Segment Start: Records shown

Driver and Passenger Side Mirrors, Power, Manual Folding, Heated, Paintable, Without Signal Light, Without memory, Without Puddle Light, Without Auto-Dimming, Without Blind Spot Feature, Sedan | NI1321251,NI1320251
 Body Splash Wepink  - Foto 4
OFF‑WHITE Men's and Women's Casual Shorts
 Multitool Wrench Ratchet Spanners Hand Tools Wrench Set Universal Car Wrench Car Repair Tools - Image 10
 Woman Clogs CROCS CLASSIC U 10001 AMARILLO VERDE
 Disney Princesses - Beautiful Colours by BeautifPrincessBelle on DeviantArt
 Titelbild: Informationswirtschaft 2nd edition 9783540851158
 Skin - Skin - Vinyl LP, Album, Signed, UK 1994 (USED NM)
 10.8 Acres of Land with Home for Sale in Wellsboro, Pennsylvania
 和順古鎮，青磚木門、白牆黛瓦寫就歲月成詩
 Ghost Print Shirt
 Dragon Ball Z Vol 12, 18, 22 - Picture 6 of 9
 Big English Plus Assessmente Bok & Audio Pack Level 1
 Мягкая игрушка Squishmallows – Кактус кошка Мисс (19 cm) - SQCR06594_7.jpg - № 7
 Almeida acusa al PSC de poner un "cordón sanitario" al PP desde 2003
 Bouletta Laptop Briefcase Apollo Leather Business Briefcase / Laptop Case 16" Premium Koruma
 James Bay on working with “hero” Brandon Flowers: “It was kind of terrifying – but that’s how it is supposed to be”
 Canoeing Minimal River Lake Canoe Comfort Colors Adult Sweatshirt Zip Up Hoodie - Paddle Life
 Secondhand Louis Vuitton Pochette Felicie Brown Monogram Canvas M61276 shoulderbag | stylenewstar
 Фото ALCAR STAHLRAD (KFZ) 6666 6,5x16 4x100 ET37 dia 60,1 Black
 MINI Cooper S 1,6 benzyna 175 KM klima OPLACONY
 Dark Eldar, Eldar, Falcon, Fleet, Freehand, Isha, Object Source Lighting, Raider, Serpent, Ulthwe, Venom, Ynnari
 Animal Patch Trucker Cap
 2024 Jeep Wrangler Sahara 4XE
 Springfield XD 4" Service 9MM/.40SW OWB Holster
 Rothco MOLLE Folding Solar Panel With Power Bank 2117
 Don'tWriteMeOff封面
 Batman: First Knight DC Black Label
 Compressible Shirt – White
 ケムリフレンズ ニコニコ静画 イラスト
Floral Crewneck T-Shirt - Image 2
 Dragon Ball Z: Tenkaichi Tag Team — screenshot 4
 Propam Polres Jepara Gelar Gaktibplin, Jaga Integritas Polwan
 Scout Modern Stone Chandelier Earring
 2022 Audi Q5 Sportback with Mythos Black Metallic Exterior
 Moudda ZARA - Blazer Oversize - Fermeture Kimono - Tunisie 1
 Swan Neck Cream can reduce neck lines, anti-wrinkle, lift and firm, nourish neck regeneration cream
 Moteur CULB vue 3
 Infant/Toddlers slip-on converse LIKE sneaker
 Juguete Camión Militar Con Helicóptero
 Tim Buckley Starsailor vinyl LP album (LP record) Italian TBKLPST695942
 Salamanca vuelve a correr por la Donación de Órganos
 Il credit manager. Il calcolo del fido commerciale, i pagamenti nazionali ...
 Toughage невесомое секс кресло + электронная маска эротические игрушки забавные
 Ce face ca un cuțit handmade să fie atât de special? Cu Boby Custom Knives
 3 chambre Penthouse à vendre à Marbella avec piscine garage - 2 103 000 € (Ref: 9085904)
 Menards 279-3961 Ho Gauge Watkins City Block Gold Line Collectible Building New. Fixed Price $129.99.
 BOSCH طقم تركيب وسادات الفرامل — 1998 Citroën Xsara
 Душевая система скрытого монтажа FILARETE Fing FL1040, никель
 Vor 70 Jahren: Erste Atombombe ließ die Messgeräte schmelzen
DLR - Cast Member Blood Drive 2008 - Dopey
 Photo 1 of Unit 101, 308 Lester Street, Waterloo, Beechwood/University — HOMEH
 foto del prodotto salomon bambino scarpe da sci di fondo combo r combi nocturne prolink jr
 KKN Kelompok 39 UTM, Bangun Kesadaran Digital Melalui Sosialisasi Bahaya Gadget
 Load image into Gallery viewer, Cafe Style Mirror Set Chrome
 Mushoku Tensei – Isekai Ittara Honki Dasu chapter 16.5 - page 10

Segment End: Records shown

_Exercise goal_. The answer must consist of every line in the records above that contains the word "Folding".

_Task answer_.
Driver and Passenger Side Mirrors, Power, Manual Folding, Heated, Paintable, Without Signal Light, Without memory, Without Puddle Light, Without Auto-Dimming, Without Blind Spot Feature, Sedan | NI1321251,NI1320251
 Rothco MOLLE Folding Solar Panel With Power Bank 2117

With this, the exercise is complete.